What you are asked to do ::
Starting with the line that contains "Prediksi Sivasspor vs" and ending with the final line of the data below, print those lines exactly and nothing else.

**** Records shown ****

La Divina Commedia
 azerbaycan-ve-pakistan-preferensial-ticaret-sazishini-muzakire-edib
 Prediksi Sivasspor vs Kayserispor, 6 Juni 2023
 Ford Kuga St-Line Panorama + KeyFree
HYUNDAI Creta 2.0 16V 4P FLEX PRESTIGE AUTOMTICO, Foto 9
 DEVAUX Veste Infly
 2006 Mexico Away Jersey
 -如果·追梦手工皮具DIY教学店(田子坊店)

****

Answer space ::
 Prediksi Sivasspor vs Kayserispor, 6 Juni 2023
 Ford Kuga St-Line Panorama + KeyFree
HYUNDAI Creta 2.0 16V 4P FLEX PRESTIGE AUTOMTICO, Foto 9
 DEVAUX Veste Infly
 2006 Mexico Away Jersey
 -如果·追梦手工皮具DIY教学店(田子坊店)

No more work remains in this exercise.